Bergamo. “Viviana Caglioni è deceduta in seguito alle lesioni riportate nella caduta provocata dallo spintone del suo fidanzato Cristian Michele Locatelli, che però non voleva ucciderla”. È questa in sintesi la motivazione con cui nel novembre scorso la Corte presieduta dal giudice Giovanni Petillo ha condannato a 18 anni di carcere il 43enne per la morte della ragazza, avvenuta il 6 aprile 2020.
Viviana si spense a 34 anni dopo una settimana di agonia, in seguito all’aggressione e allo spintone che provocò la caduta. Era il 31 marzo del 2020, in pieno lockdown, e i fatti si svolsero a casa Caglioni, una villetta malridotta di due piani in via Maironi da Ponte, nel quartiere cittadino di Valverde ai piedi di Città Alta.
La giovane donna, tossicodipendente come il suo compagno, spirò all’ospedale Papa Giovanni dove era stata ricoverata con segni di violenza all’inguine, all’addome, in volto, sulle labbra e alla testa.
A puntare il dito contro Locatelli lo zio della vittima, che la sera del 31 marzo era in casa con la coppia e la madre di Viviana, Silvana Roncoli: fin dai primi interrogatori Gianpietro Roncoli l’ha accusato di aver picchiato sua nipote per oltre mezzora e di essere stato a sua volta minacciato di morte quando cercò di intervenire.
Nei giorni scorsi sono state rese note le motivazioni della sentenza, in cui si legge, tra le altre cose, che “Locatelli non voleva ucciderla in quanto mosso da un senso di gelosia e possesso della compagna”. Parole che fanno discutere, in particolare il pm Paolo Mandurino: il magistrato ha annunciato che farà ricorso contro la sentenza nel tentativo di ottenere l’ergastolo di Locatelli.

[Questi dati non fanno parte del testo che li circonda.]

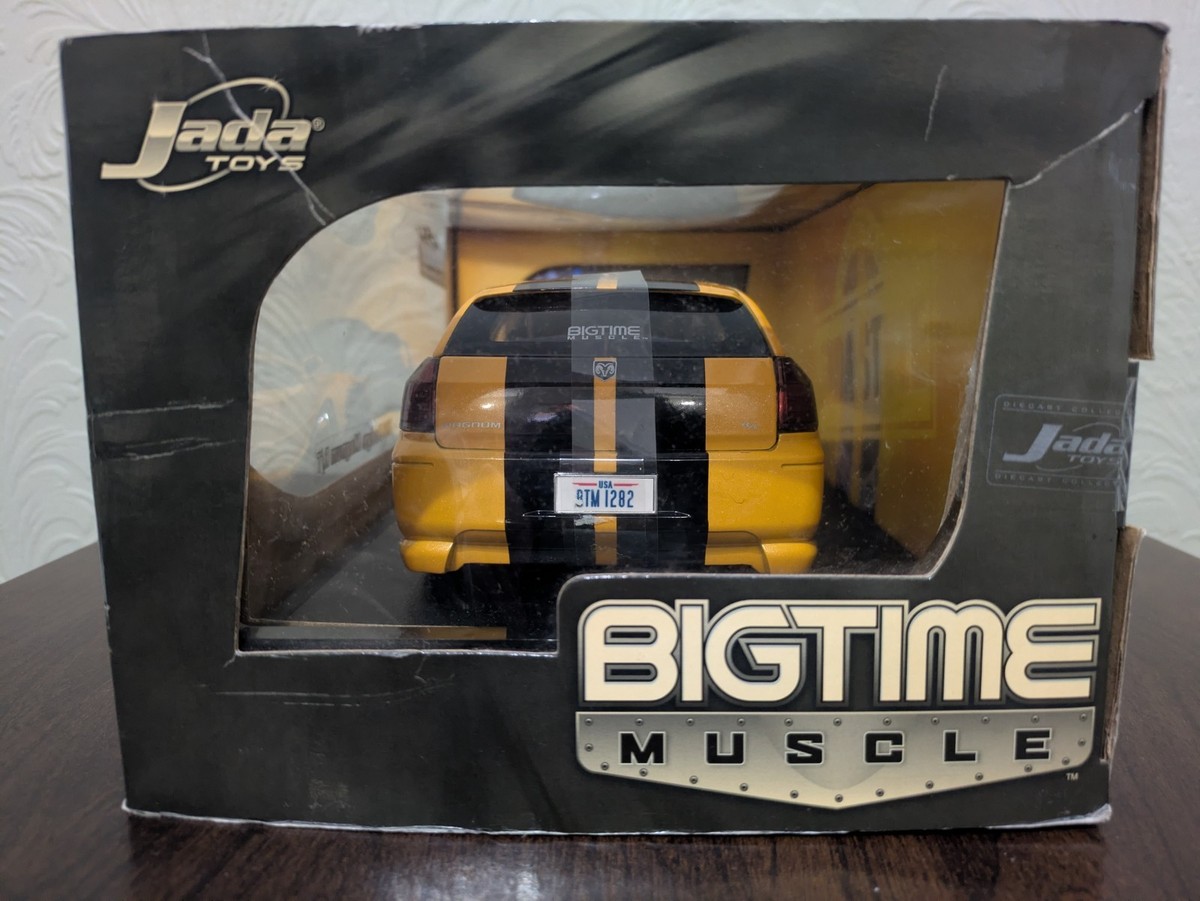 1/18 jada製 Dodge Magnum R/T 未開封品 1/18 Dodge Magnum R/T (Jada Toys) | eBay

L’uomo, dalla sua cella del carcere di Bergamo, continua a respingere le accuse parlando di una brutta caduta di Viviana, con problemi di tossicodipendenza, che avrebbe prima sbattuto contro un mobile e poi, forse, anche contro il muro. “Se ripenso a quella sera mi viene la pelle d’oca – le sue parole durante il processo – , l’ho vista a terra moribonda e nessuno voleva chiamare i soccorsi. Ricordo che suo zio disse in dialetto che se li avessimo chiamati, sarebbero intervenuti i centri sociali e avrebbero portato via tutto. A lui non interessava nulla di quella ragazza e di sua madre, infatti litigavano spesso”.